On the way to work a few months later, I noticed that the asbestos shingles had been taken off of a house up the street. The next day that house was flattened. Four months later:

mcmansion 3

That house also sold for about $800k. The owner next door also sold to a builder, but that builder didn’t demolish the house; she built up a second floor and put an extension and garage in back. She sold the place for about $700k.
mcmansion 4

A few houses down, I guess this one is next:

next to go

And finally, on a walk around the block last week we were surprised to find another one down.

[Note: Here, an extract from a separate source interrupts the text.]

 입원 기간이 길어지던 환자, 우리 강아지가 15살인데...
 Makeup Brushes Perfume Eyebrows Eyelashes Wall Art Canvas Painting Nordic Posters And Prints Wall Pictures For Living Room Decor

I know this stuff happens but it’s amazing to see how fast it’s happening, and how eager people are to move into these giant, expensive, identical houses. I want to leave a copy of The Not So Big House on each of their doorsteps as a housewarming gift.

I figure I’ll make a photo study out of this whole thing… I’ll shoot as many befores and afters as I can. More to come.

13 Comments so far

  1. Daddy, make a picture May 10th, 2004 6:44 pm

    little houses made of ticky tacky

    I figured the ‘tear down a charming but small home and put a McMansion up in its stead’ phenom was pretty much a New York metro area thing, but Antisleep has noted it going on in his suburban DC neighborhood….

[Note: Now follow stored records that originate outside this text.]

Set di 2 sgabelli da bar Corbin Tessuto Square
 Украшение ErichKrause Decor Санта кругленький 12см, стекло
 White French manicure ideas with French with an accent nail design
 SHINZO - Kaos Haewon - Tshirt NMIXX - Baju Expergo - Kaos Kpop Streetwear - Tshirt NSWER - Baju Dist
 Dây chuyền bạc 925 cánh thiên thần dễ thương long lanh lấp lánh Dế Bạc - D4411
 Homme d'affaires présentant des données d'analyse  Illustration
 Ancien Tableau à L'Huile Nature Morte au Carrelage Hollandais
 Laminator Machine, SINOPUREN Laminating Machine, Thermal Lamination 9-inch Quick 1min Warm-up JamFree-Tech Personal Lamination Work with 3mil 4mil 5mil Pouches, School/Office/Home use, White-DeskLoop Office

  2. Coffeehouse at the End-Of-Days May 29th, 2004 11:58 am

    McMansion Invasion

    They are taking over this formerly modest area in Annandale, VA. Could your neighborhood be next? Or have you already been subjugated by the ideal post-modern marriage of aesthetic ugliness and materialist idolatry? (Hey, give me credit for spinning…

  3. I Love Everything July 12th, 2005 12:47 am

    “The Great Room” WTF?

    Meanwhile, in my beloved Annandale:

  4. Debbie Galant April 2nd, 2007 3:10 pm

    I grew up with an Annandale mailing address, and lived in a regular-sized split-level near Northern Virginia Community College.
    What ever happened to taste?
    Anyway, along with The Not So Big House, leave a copy of my book, “Rattled,” a satire about the McMansionization of the New Jersey countryside.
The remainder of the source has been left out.